### Provided material ###

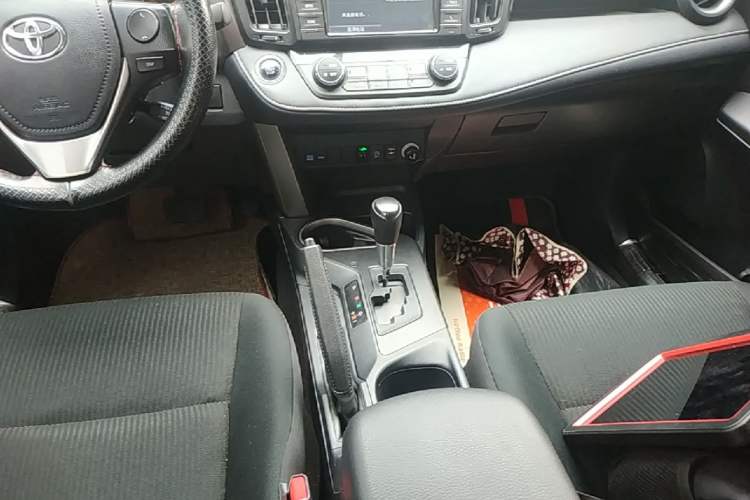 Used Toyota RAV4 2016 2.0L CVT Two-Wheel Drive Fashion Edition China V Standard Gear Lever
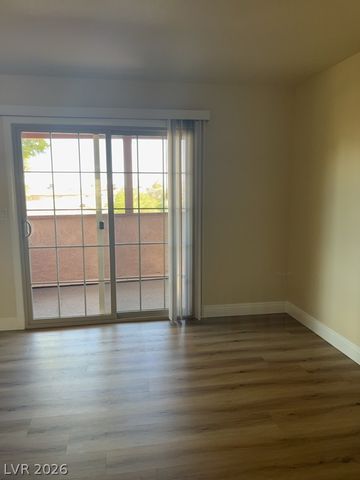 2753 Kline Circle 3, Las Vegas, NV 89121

###
### Provided material ###

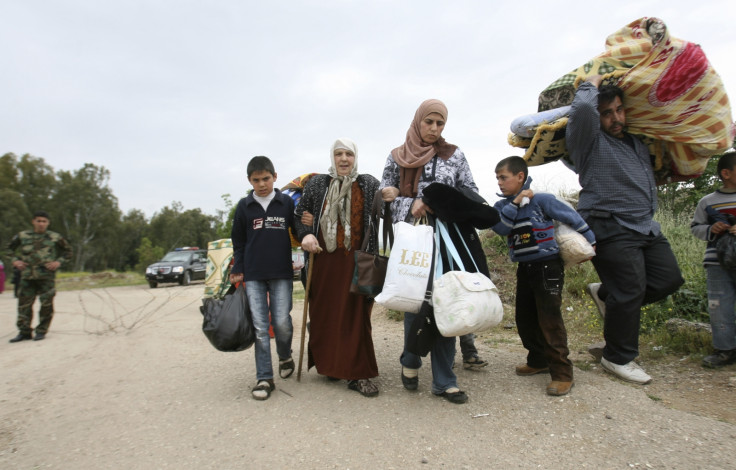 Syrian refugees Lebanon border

###

Task to carry out: Return exactly the lines above, from the one with "Used Toyota RAV4" up to and including the one with "2753 Kline Circle 3, Las Vegas, NV 89121", and include no pictures.

Expected answer:
 Used Toyota RAV4 2016 2.0L CVT Two-Wheel Drive Fashion Edition China V Standard Gear Lever
 2753 Kline Circle 3, Las Vegas, NV 89121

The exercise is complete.